Ese mismo día, al otro lado del mundo, la senadora Jeanine Áñez consolidó el golpe cívico-militar en Bolivia con su autoproclamación presidencial y la ejecución de una feroz cacería de opositores al régimen de facto.
En simultáneo, tras la Cordillera, una multitud pisó las calles de Santiago de Chile, nuevamente ensangrentadas tras cuatro semanas de represión brutal.

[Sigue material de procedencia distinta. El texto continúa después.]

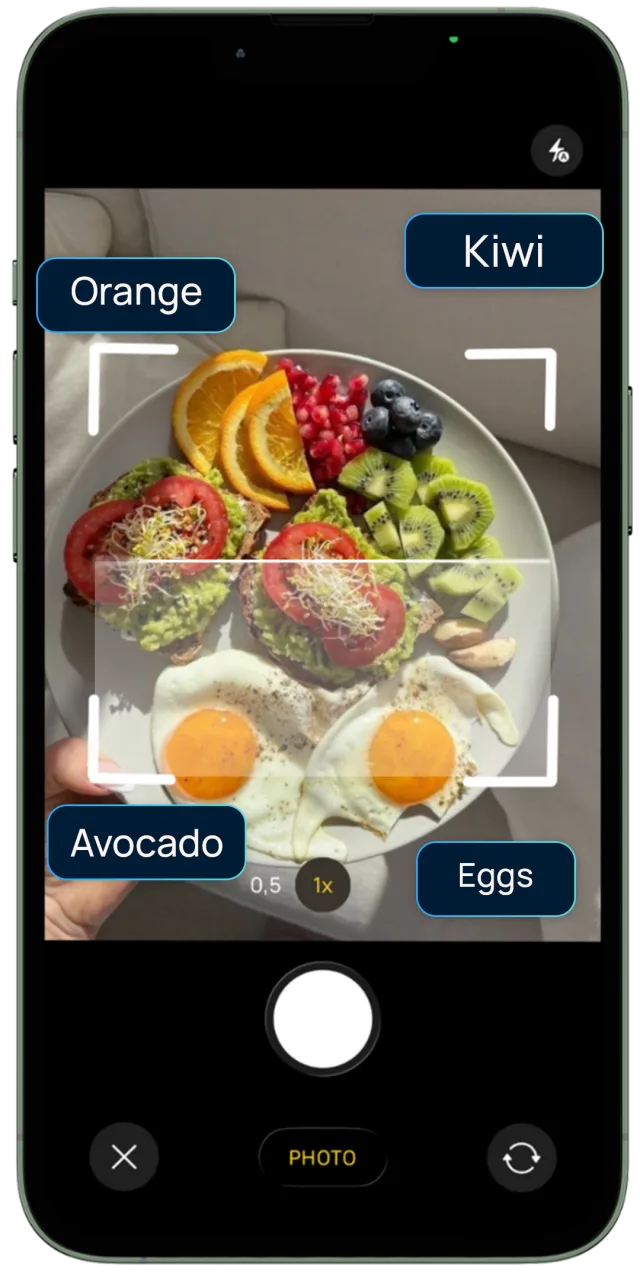 DietX camera recognizing the foods on a breakfast plate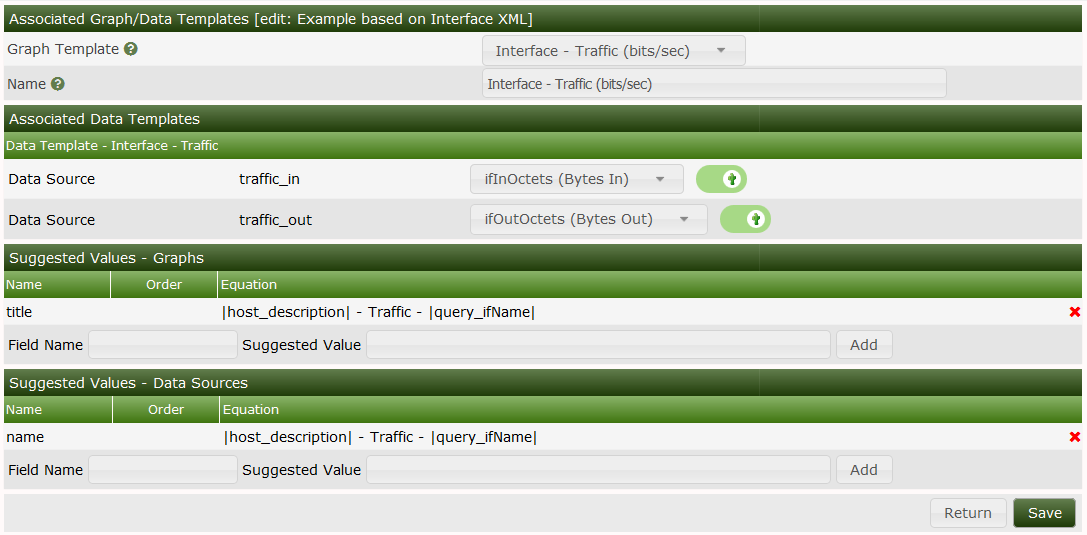 Associated Graph Template Completed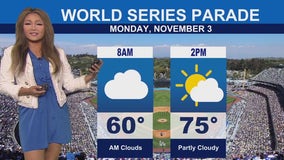 Weather Forecast for Monday, Nov. 3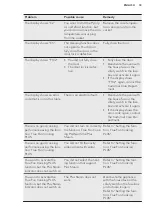 Preview for 33 page of AEG BPB352021M User Manual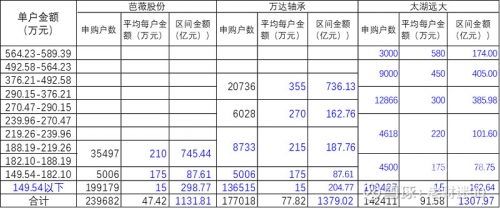 澳门2022精准一肖一码资讯澳门2022精准一肖一码，预测与策略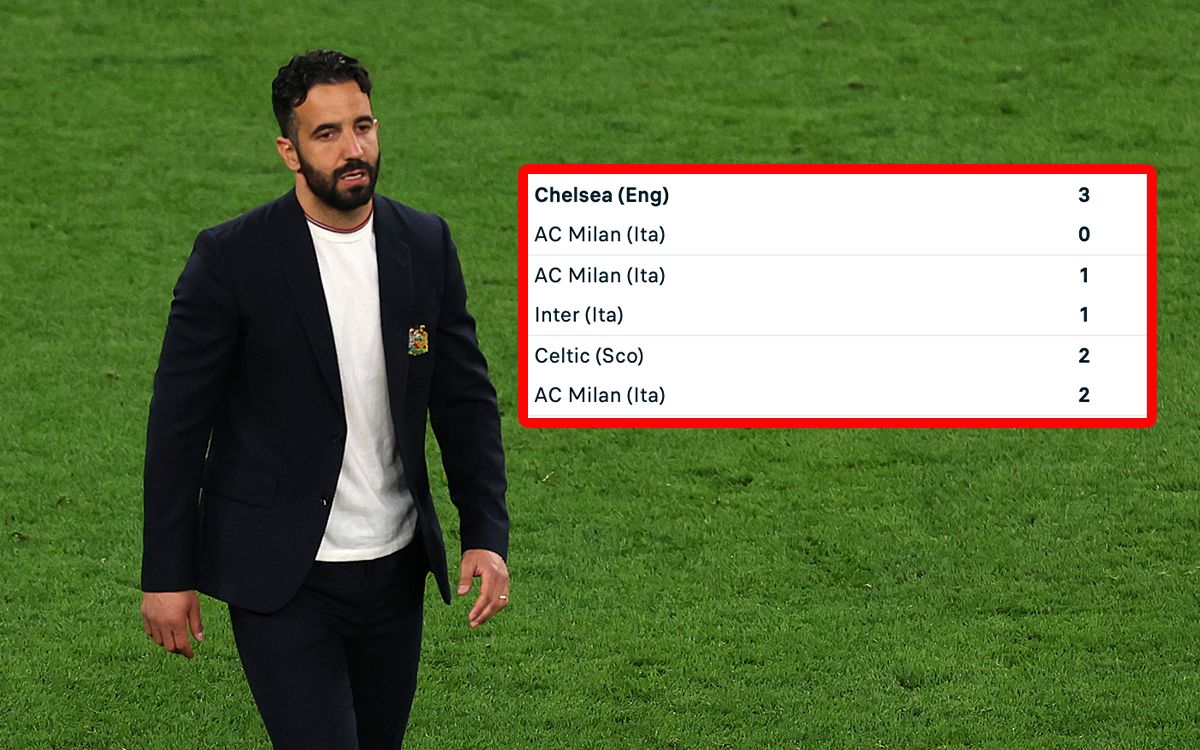 AC Milan y Manchester United: Conexiones en el Mercado de Fichajes y Estrategia Técnica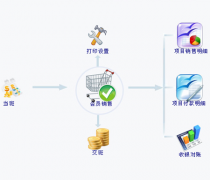 餐飲管理軟件的作用有哪些？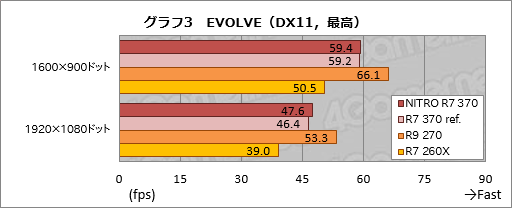 画像ギャラリー No.010のサムネイル画像 / HW短評：Sapphire「SAPPHIRE NITRO R7 370」（2）Radeon R7 370の気になる3D性能と消費電力は？
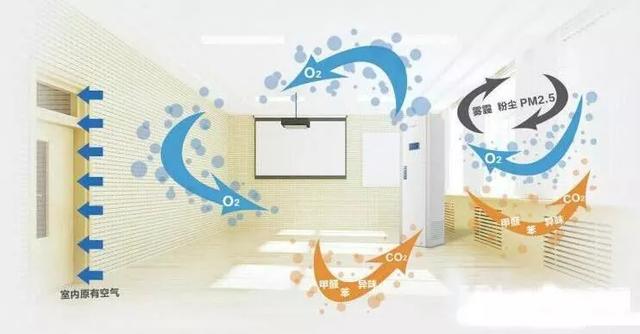 �������L(f��ng)ϵ�y(t��ng)��ô�x���b��ǰ�����v��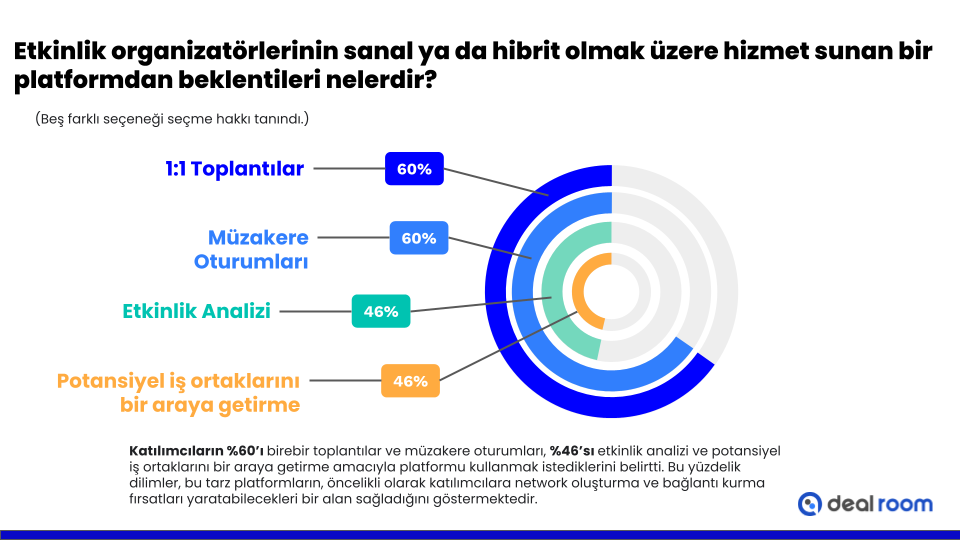 Pandeminin sanal etkinlik paza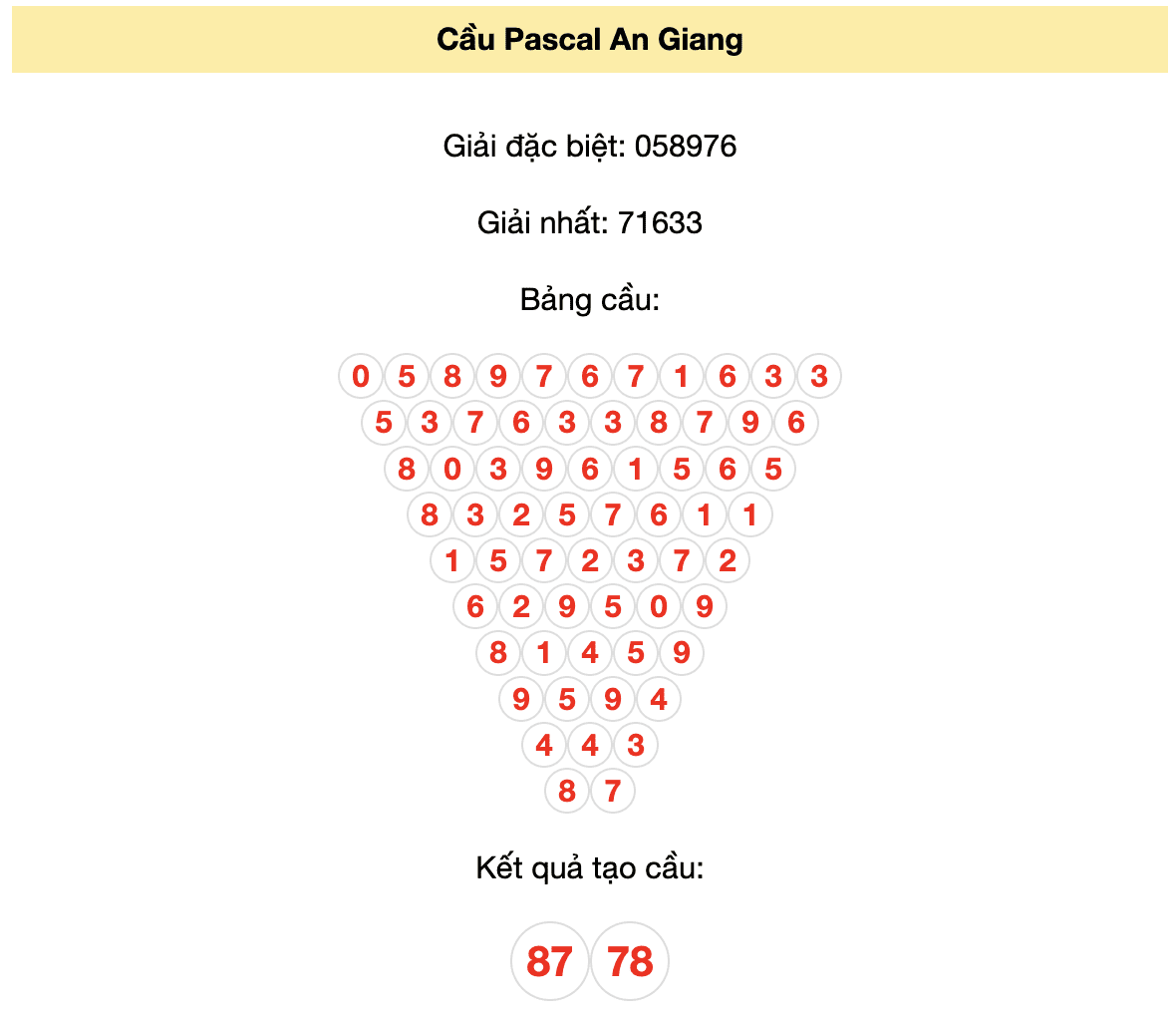 Soi cầu Pascal An Giang 21/12/2023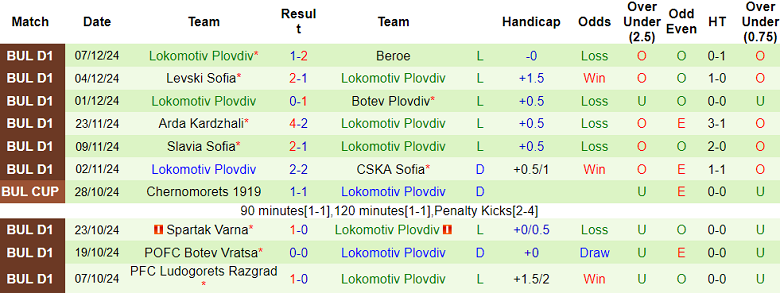 Thống kê 10 trận gần nhất của Lokomotiv Plovdiv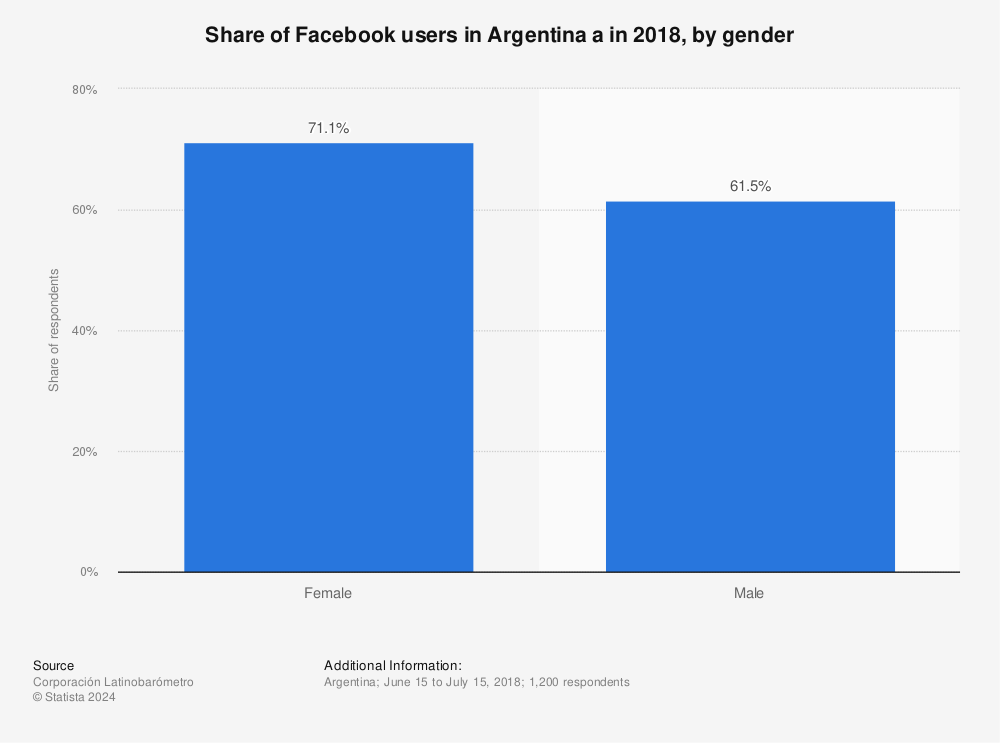 Statistic: Share of Facebook users in Argentina a in 2018, by gender | Statista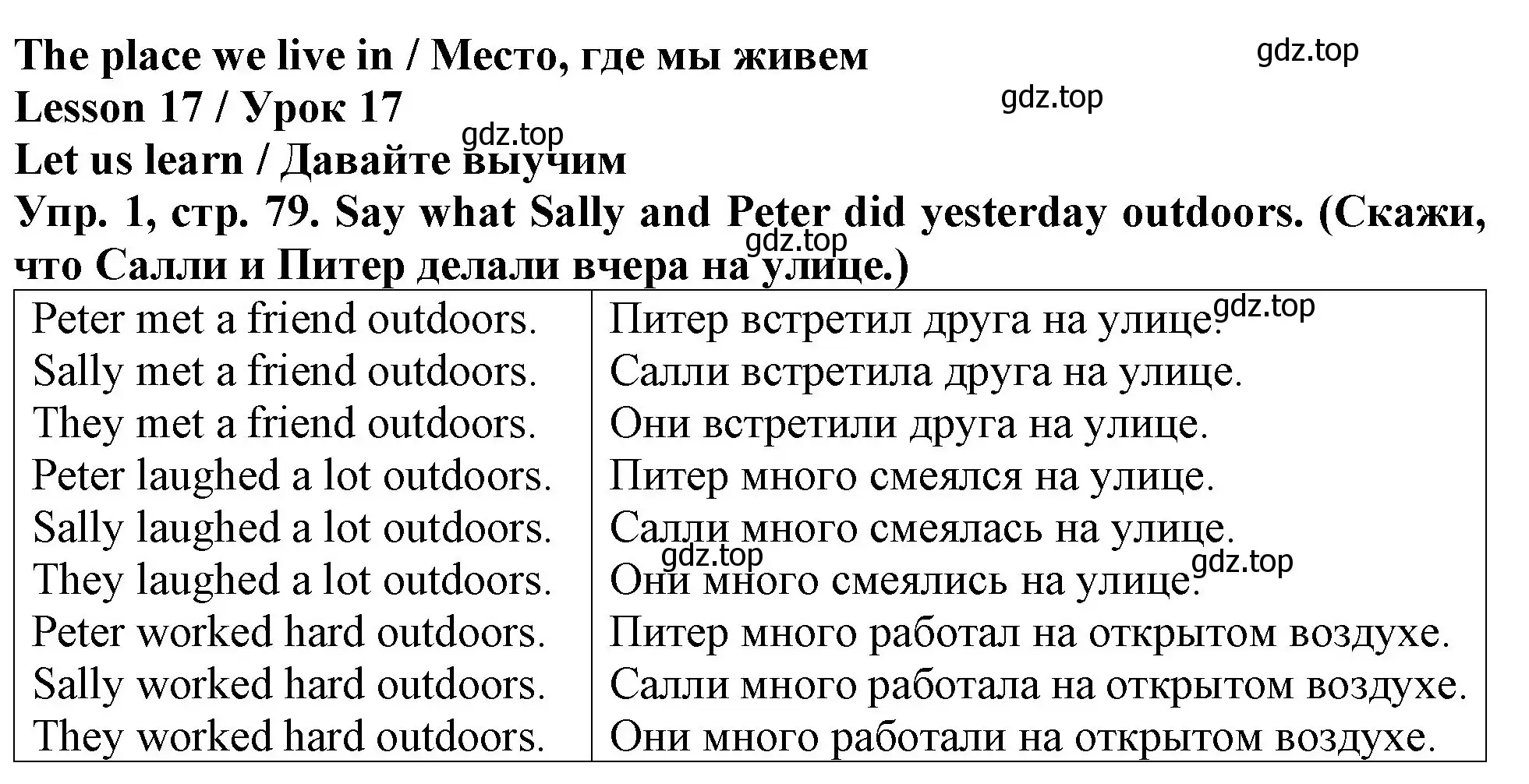 Решение 2. номер 1 (страница 79) гдз по английскому языку 4 класс Верещагина, Афанасьева, учебник 1 часть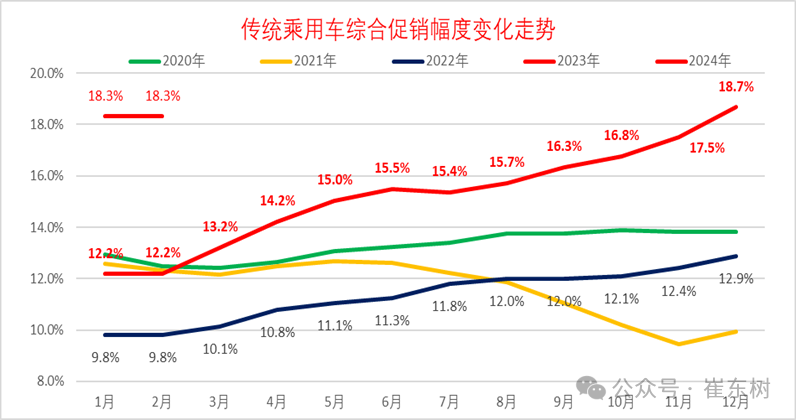 专家解读｜2024年全国乘用车市场价格战仍将激烈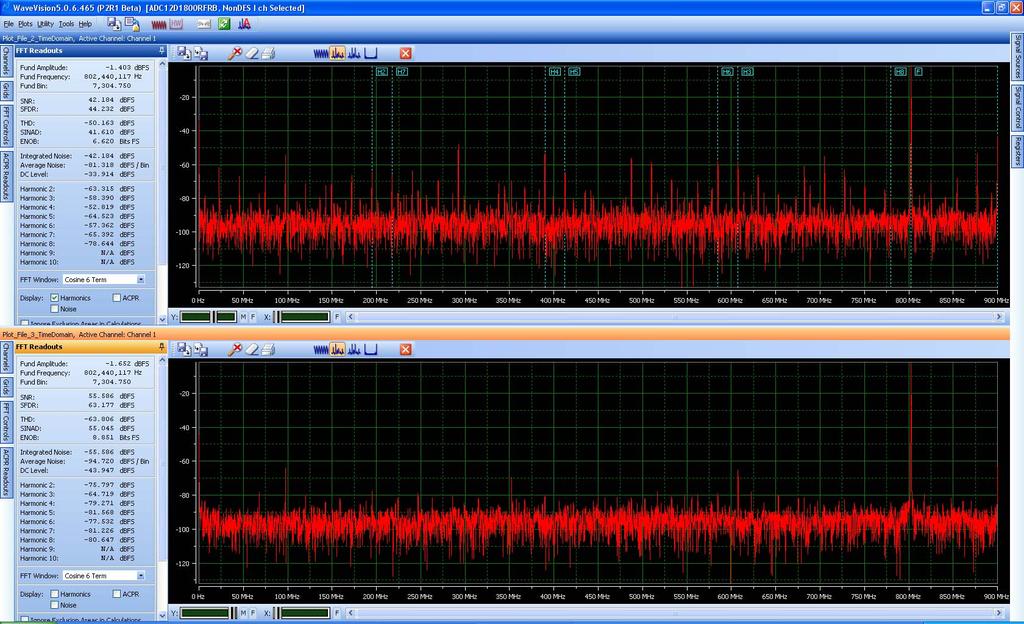 Before-and-After Calibration Without Calibration ENOB = 6.
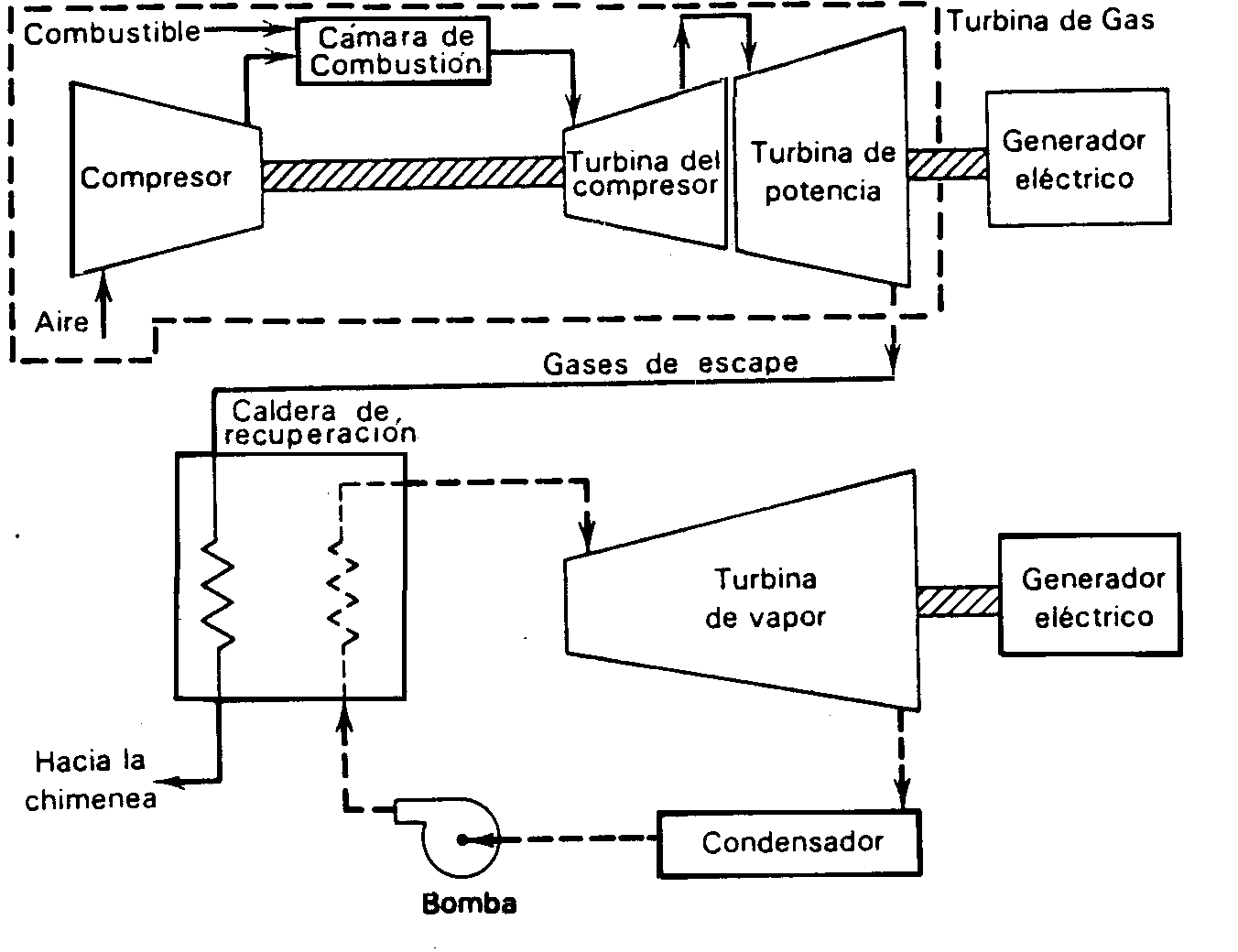  Imagem ilustrativa da planta de um ciclo combinado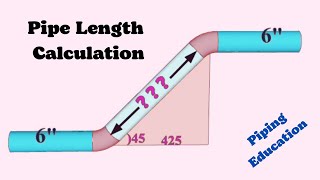 Want to Master Pipe Length Calculation Watch This Now [upl. by Kristien]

La conflictividad social se viraliza. Según un informe de la Oficina para los Derechos Humanos de la ONU, en los últimos dos meses se registraron estallidos en España, Haití, Egipto, Guinea, Iraq y el Líbano, además de los ya consignados Chile, Bolivia y Hong Kong. En casi todos los casos, la economía prendió la mecha: las manifestaciones se iniciaron por aumentos en alimentos, impuestos o servicios esenciales.
La acelerada transformación del empleo, el incremento en el costo de vida y la obscena desigualdad están en la base de estallidos que, como se verifica en Bolivia, son estimulados por transnacionales políticas y económicas interesadas en explotar los recursos de los países en crisis. Ya se sabe: a río revuelto…
¿Cómo se prepara el gobierno de Alberto Fernández para surfear en este presente distópico? Un mundo en convulsión requiere expertos en anticipar y auscultar situaciones que ocurren fuera de radar. A eso debería dedicarse una Agencia Federal de Inteligencia, que en la Argentina se dedica a otra cosa: operar en las cloacas del poder para dirimir disputas económicas, políticas y judiciales.
«La cuestión militar está de vuelta en América Latina en general y en América del Sur, en particular», advirtió días pasados el analista internacional Juan Gabriel Tokatlian. «El gobierno entrante debe estar atento a esta tendencia para actuar en consecuencia –prosiguió–. En ese sentido, parece imprudente que se llegara a llevar a cabo la eventual disolución de la AFI. En las actuales circunstancias regionales, lo más relevante para un país como Argentina es poseer una sólida inteligencia estratégica».
En los mentideros de la política se barajan los nombres de Alberto Iribarne y José «Pepe» Albistur como posibles responsables de la AFI. Ambos son de la íntima confianza del presidente electo, como se estila en ese cargo. Pero más allá de los nombres, lo relevante serán las políticas. En el Frente de Todos se trabaja en dos posibilidades: refundar la AFI en una dirección de inteligencia estratégica, o reducir parte de sus actuales atribuciones –como la realización de escuchas y otras faenas de espionaje–, pero retener tareas de inteligencia criminal que le permita «asistir» a investigaciones federales de narcotráfico y terrorismo. La segunda línea, claro, cuenta con el beneplácito de EE UU.
Hay margen, sin embargo, para decidir con cierta autonomía. La convulsión social global y la exhibición de la cámara séptica servicial que destapó el caso D’Alessio, entre otros hechos, obliga y a la vez propicia «reperfilar» el Sistema de Inteligencia para ponerlo, al fin, al servicio de los intereses nacionales. No hacerlo, como quedó a la vista en Bolivia, puede ser un error fatal.